Posted: Thu Mar 01, 2012 11:13 pm
by mplee73
I think I'm still missing the credit for the units turned into the collection server. Below is the list of what I think are the units turned in during the downtime.

7500 (0,16,485)
7504 (0,11,233)
7504 (11,0,103)
7504 (0,95,152)
7504 (0,117,115)
7504 (19,2,99)
7505 (0,45,45)
7506 (0,86,150)
7506 (0,169,103)
7506 (0,138,103)
7507 (0,86,163)
7507 (0,2,181)
7507 (0,163,95)
7507 (0,138,101)
7508 (0,85,159)
7508 (0,38,159)
7508 (0,17,168)
7510 (0,91,90)
7510 (0,106,127)
7510 (0,7,215)
7510 (0,83,137)
7510 (0,9,199)
7510 (0,137,108)
7510 (0,62,153)
7511 (0,135,132)
7511 (0,167,66)

Re: 128.143.199.97 reject status

Posted: Thu Mar 01, 2012 11:34 pm
by kasson
Unfortunately there appears to be a client / collection server discrepancy. The collection server did not in fact accept the returns, as best I can tell it was not configured to do so. For reasons that I don't yet understand, the client apparently decided that the CS did accept the return.

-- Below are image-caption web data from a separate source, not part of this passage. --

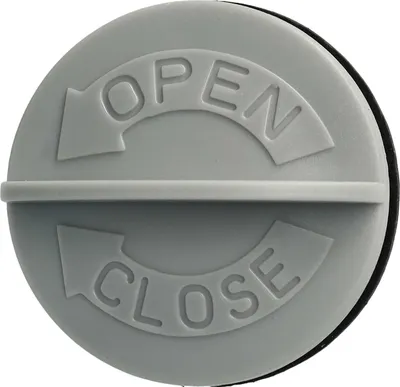 A close-up view of a gray plastic cap with embossed text indicating 'OPEN' and 'CLOSE' with directional arrows.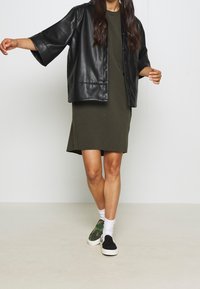 Czarna, sztuczna skórzana, oversize'owa koszula, oliwkowa sukienka, białe skarpetki do kostek oraz kamuflażowe czarne/zielone sneakersy. Prosty, nowoczesny design.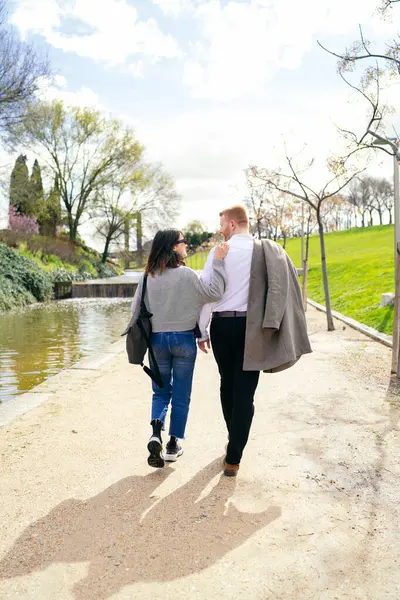 Genç çift parkta sakin bir gölün kenarında el ele geziniyor güneşli bir günün sıcaklığında güneşleniyor ve birlikte geçirdikleri zamanı kutluyorlar.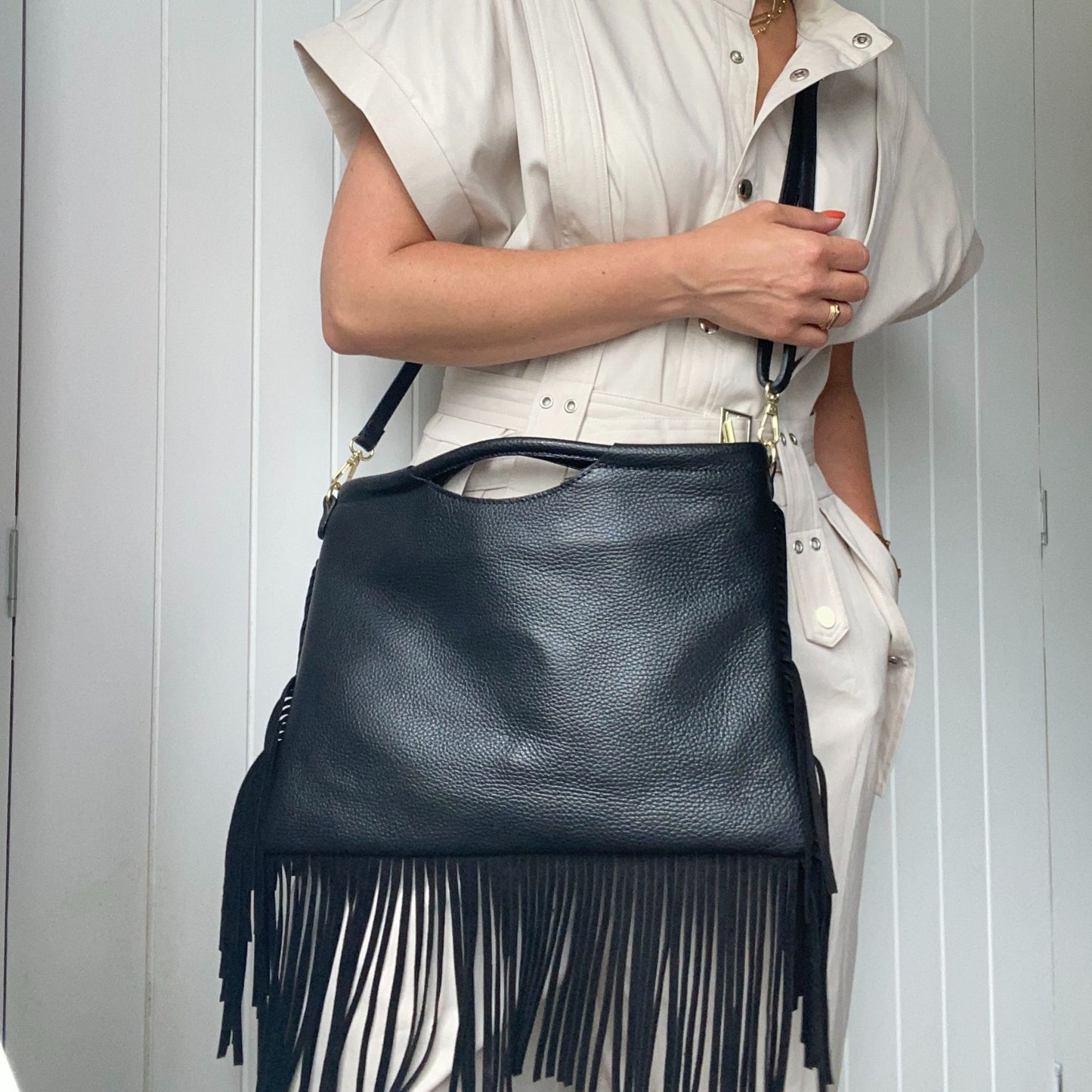 Model wearing the fringed bag with the adjustable leather strap.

Re: 128.143.199.97 reject status

Posted: Thu Mar 01, 2012 11:50 pm
by mplee73
I'm guessing since the client thinks it sent succesfully, there's no way to force it to resend the units?

Re: 128.143.199.97 reject status

Posted: Fri Mar 02, 2012 12:24 am
by bruce
When a client successfully sends a WU, the local copy is deleted and removed from the queue. There's nothing left to send.